Hui Zhang, Hector Romero, Annika Schmidt, Katalina Gagova, Weihua Qin, Bianca Bertulat, Anne Lehmkuhl, Manuela Milden,  Malte Eck, Tobias Meckel, Heinrich Leonhardt, and M. Cristina Cardoso (2022) Nucleus. 2022; 13(1): 1–34. doi: 10.1080/19491034.2021.2024691


Abstract cited directly from the article:

Heterochromatin is the highly compacted form of chromatin with various condensation levels hallmarked by high DNA methylation. MeCP2 is mostly known as a DNA methylation reader but has also been reported as a heterochromatin organizer.
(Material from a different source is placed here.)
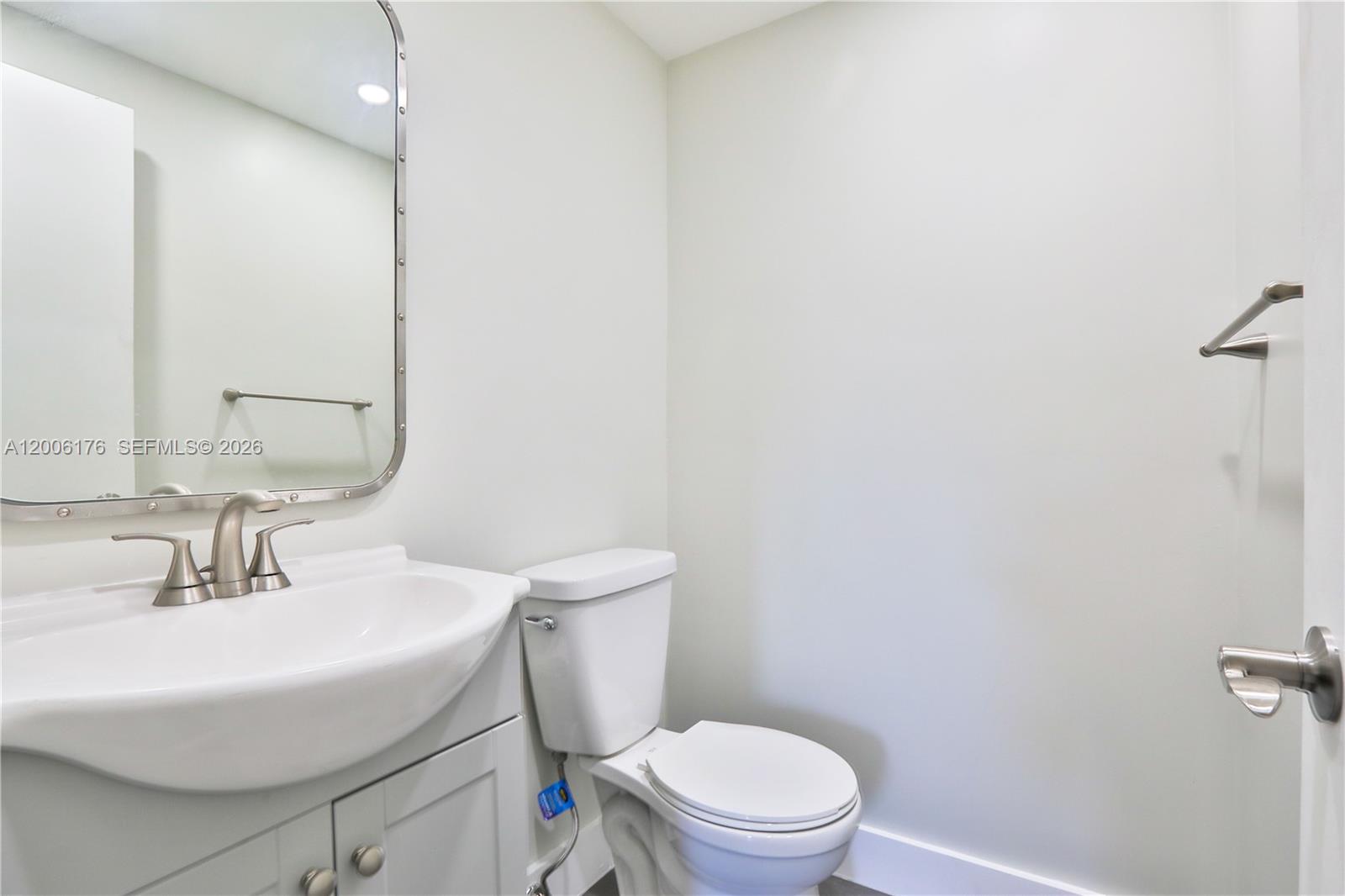 PARK EAST CONDO - Residential Lease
Here, we combine liquid–liquid phase separation (LLPS) analysis and single-molecule tracking with quantification of local MeCP2 concentrations in vitro and in vivo to explore the mechanism of MeCP2-driven heterochromatin organization and dynamics. We show that MeCP2 alone forms liquid-like spherical droplets via multivalent electrostatic interactions and with isotropic mobility. Crowded environments and DNA promote MeCP2 LLPS and slow down MeCP2 mobility. DNA methylation, however, restricts the growth of heterochromatin compartments correlating with immobilization of MeCP2. Furthermore, MeCP2 self-interaction is required for LLPS and is disrupted by Rett syndrome mutations. In summary, we are able to model the heterochromatin compartmentalization as well as MeCP2 concentration and heterogeneous motion in the minimal in vitro system.